By Alice Cheng, Contributing Writer

Yale Law School Professor Stephen L. Carter argued the relevance of slavery in the United States by addressing its impact on the law in the first installment of his W.E.B. Du Bois Lecture Series on Tuesday.

The lecture was the first of a three part installment called “Blackness and the Legal Imagination” hosted by the Hutchins Center for African and African American Research.

In his speech, titled “Thinking Property,” Carter explored the notion that slaves could simultaneously be treated as both property and as human beings—a paradox that Carter said is difficult to resolve.

According to Carter, laws regarding slavery were often decided arbitrarily, and slaves were left without many legal rights. In early common law, slaves largely lacked “legal personality,” which Carter defined as the ability to form contracts, own property, and act autonomously.

Carter said racial advocates often face criticism for continuing to argue the relevance of slavery during the discussion of contemporary race relations. However, according to Carter, the legacy of slavery has shaped the American political, social, and legal landscapes in significant ways.

“A lot of the things we see in the news today, a lot of the things that characterize an American...are things that have their origins not too much [with] slavery but rather in attitudes that developed in politics, and particularly in law, over a very long period beginning with the enforced arrival of enslaved Africans,” he said.

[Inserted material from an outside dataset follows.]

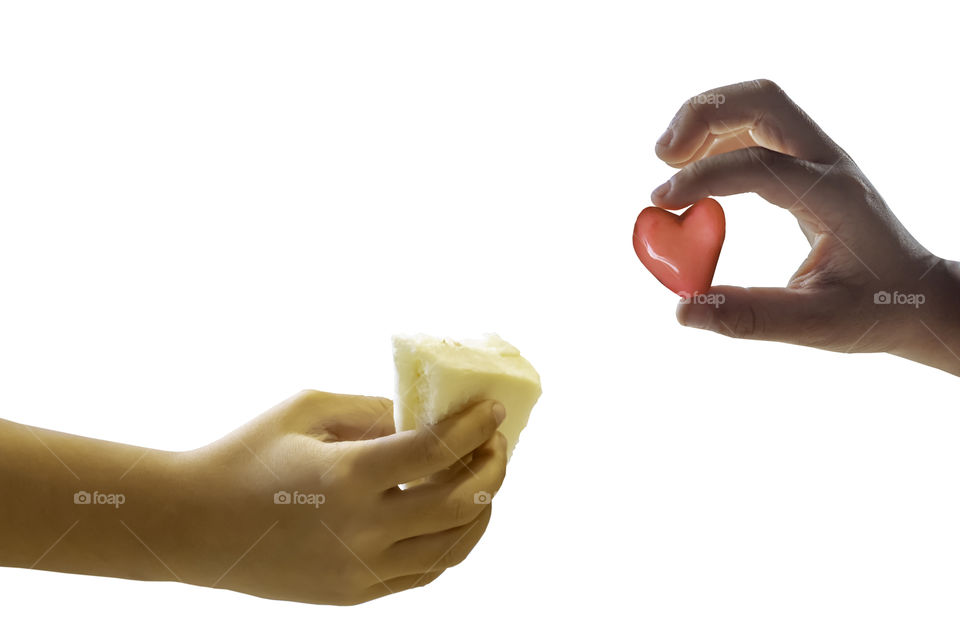 Isolated Hand boy holding the bread sandwich and holding a red candy shape heart on a white background.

In her introduction of Carter, Harvard Law School Dean Martha L. Minow recalled her memories attending Yale Law School with Carter, after which the two would both go on to clerk for U.S. Supreme Court Justice Thurgood Marshall. Minow compared Carter’s reflections on his experiences with affirmative action to Du Bois’s double consciousness of the Negro and American identities.

Many who attended the lecture felt Carter’s message was particularly relevant.

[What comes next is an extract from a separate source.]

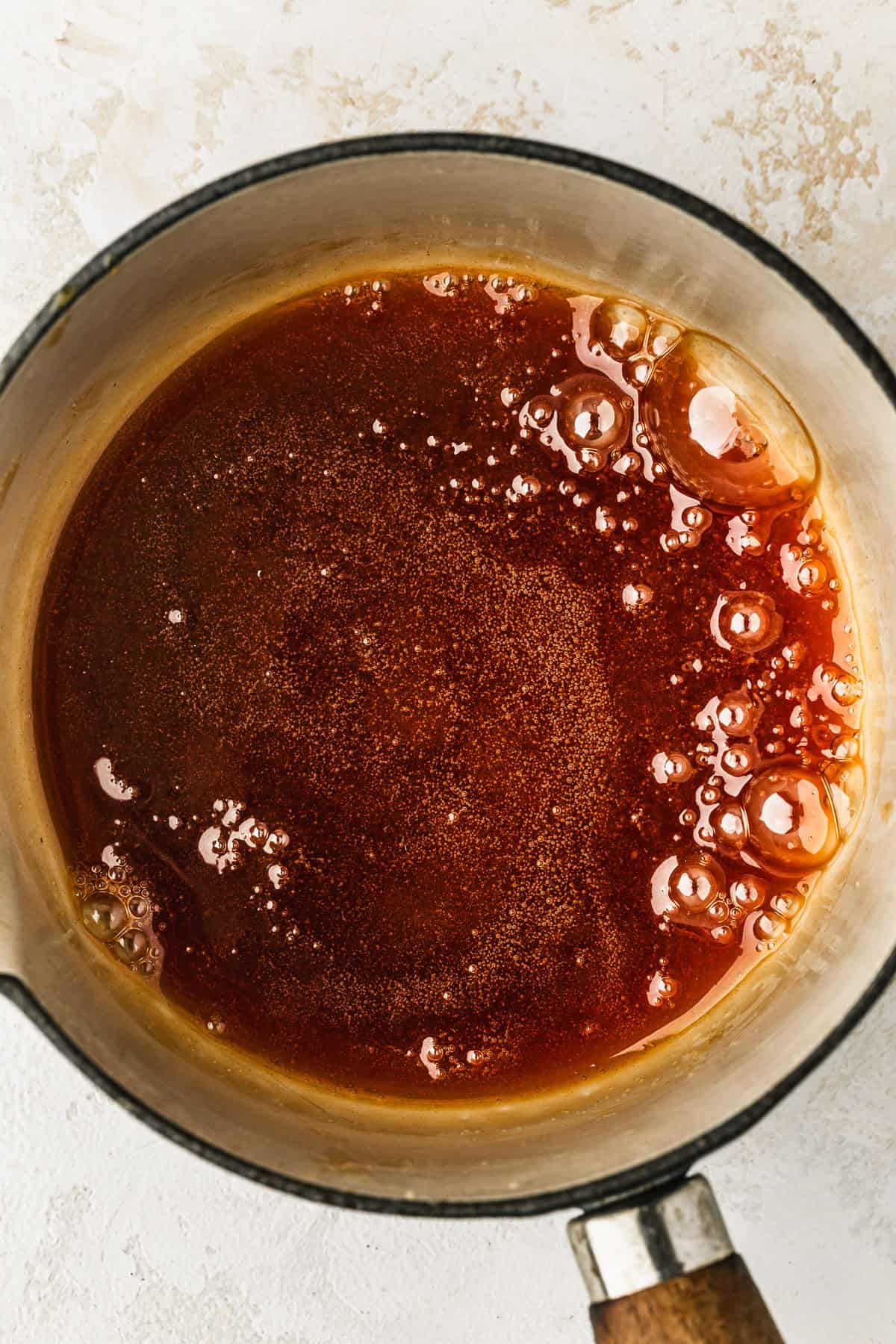 A white pot of melted caramelized sugar.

“As Professor Carter today mentioned, history repeats itself,” said Anthea Meng, a visiting fellow of the African and African-American Studies department. “Some of the problems still remain today, so I think there’s this kind of academic turn of interpreting history.”

Carter will continue the W.E.B. Du Bois series with his second lecture “The Invisible Race” on Wednesday and his third “The Visible Future” on Thursday in the Barker Center.